1 storage and artifacts
william le roux edited this page 2026-04-01 11:13:16 +03:00

Storage And Artifacts

This document describes the repository's current storage model and artifact contract.

Artifact Flow At A Glance

flowchart LR
	Intake[Intake] --> Source[source_docx]
	Source --> Preflight[preflight_report]
	Source --> Extraction[extraction_manifest]
	Extraction --> QA[qa_report]
	QA --> Review[review_tmx or review_import_tmx]
	QA --> Reassembly[reassembly_manifest]
	Reassembly --> Final[final_docx]
	Review --> Replay[replay_package]

Storage Backends

The checked-in code supports two artifact storage backends:

  • local
  • s3

local uses Django's filesystem storage under IRIS_MEDIA_ROOT. s3 uses storages.backends.s3boto3.S3Boto3Storage and is intended for AWS S3 or S3-compatible systems such as MinIO.

Object Key Layout

Artifacts are stored under deterministic hierarchical object keys built by services/storage/keys.py.

Pattern:

{project_code}/{external_reference}/{version_label}/{artifact_type}/{filename}

Example:

nuclear-proj/lanl-q-001/rev-a/source/original.docx

Rules:

  • project_code, external_reference, and version_label are slugified to lowercase safe path segments
  • filename is preserved as-is
  • keys have no leading slash and always use forward slashes

Artifact Types

apps/jobs/models.py defines these artifact types:

Artifact type Typical producer
source_docx intake
preflight_report intake / rerun
extraction_manifest extraction
review_tmx TMX export
review_import_tmx TMX import
final_docx reassembly
qa_report QA finalization
reassembly_manifest reassembly
replay_package replay export

Artifact Records

Each Artifact row stores:

  • artifact type
  • storage backend
  • object key
  • original filename
  • content type
  • SHA-256 checksum
  • size in bytes
  • retention class and expiry
  • arbitrary JSON metadata

Download Behavior

Artifact listing is available through GET /api/v1/jobs/{job_id}/artifacts.

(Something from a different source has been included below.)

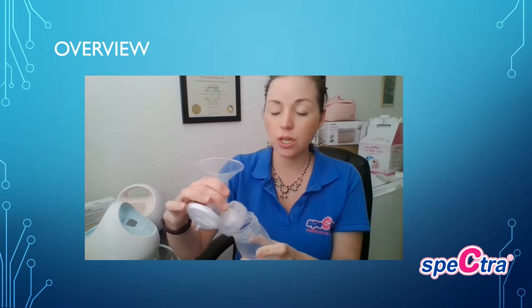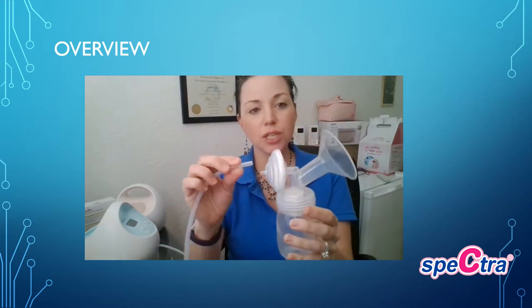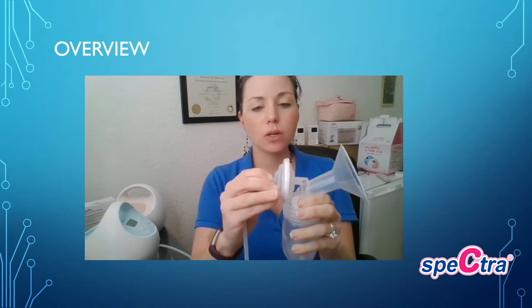We recommend that you gently screw the backflow protector into the back of the flange. The collection bottle — you would unscrew the lid; it has a lock mechanism to ensure it stays on the flange and not lose any of the precious milk. The tubing is going to go on the other end of the backflow protector. Make sure this is secure, and that you've properly secured the duck bill valve onto the actual flange itself.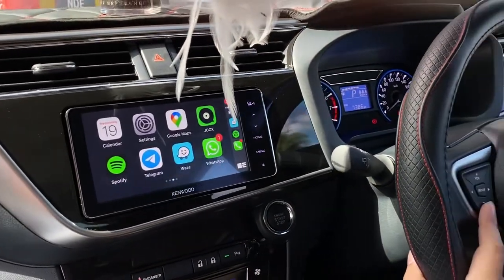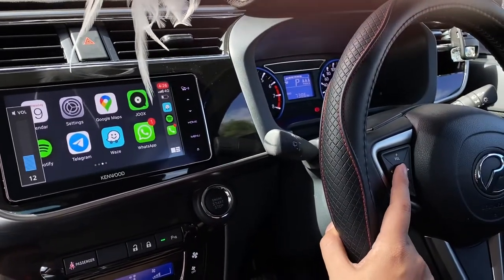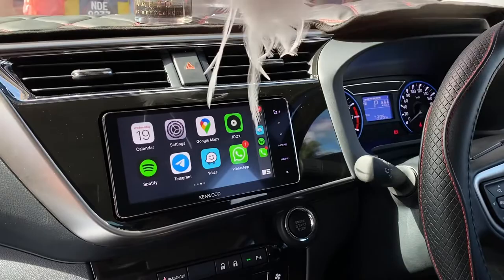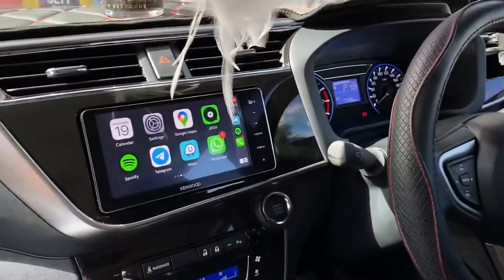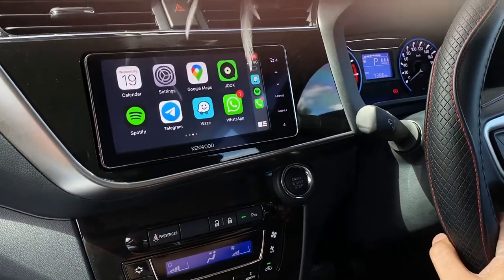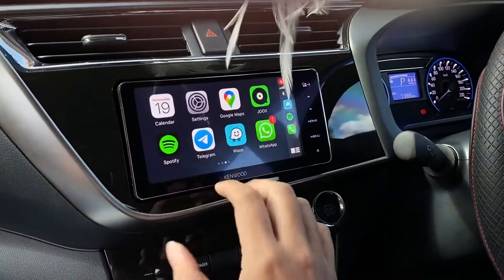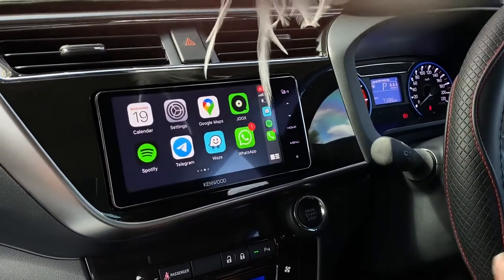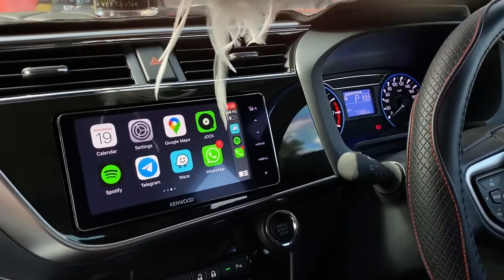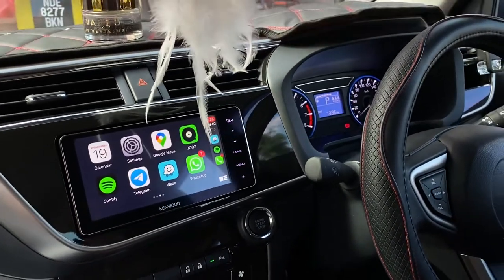Everything from the factory is still working — volume is working, and everything including the rear camera is working. I'm not sitting at the driver seat so I skipped showing the camera, but it is working fine. That's everything about this player — it's a very beautiful unit. If you're interested in this upgrade or want more information, welcome to contact us. Thank you very much and see you in the next video!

Current download behavior depends on the backend:

  • for s3 artifacts, the app first asks the storage backend for a URL; if that URL is absolute, the API returns that direct pre-signed URL
  • for local artifacts, the API returns a Django download URL protected by a signed token
  • if an S3-compatible backend returns only a relative URL, the code falls back to the Django-signed download view

Artifact link expiry is based on IRIS_ARTIFACT_DOWNLOAD_TTL_SECONDS.

Retention Classes

services/storage/artifacts.py maps artifact types to retention classes as follows:

Artifact type Retention class
source_docx source
preflight_report intermediate
extraction_manifest intermediate
qa_report intermediate
reassembly_manifest intermediate
review_tmx reviewed
review_import_tmx reviewed
replay_package reviewed
final_docx delivered
anything else debug

retention_days is taken from the related project's retention_days value when the artifact record is created.

Retention Enforcement

Retention is now enforced by the checked-in maintenance flow:

  • tasks.workflow.maintenance_tick
  • python manage.py maintenance_tick

When an artifact's retention_expires_at is in the past, maintenance deletes the storage object and then removes the Artifact row.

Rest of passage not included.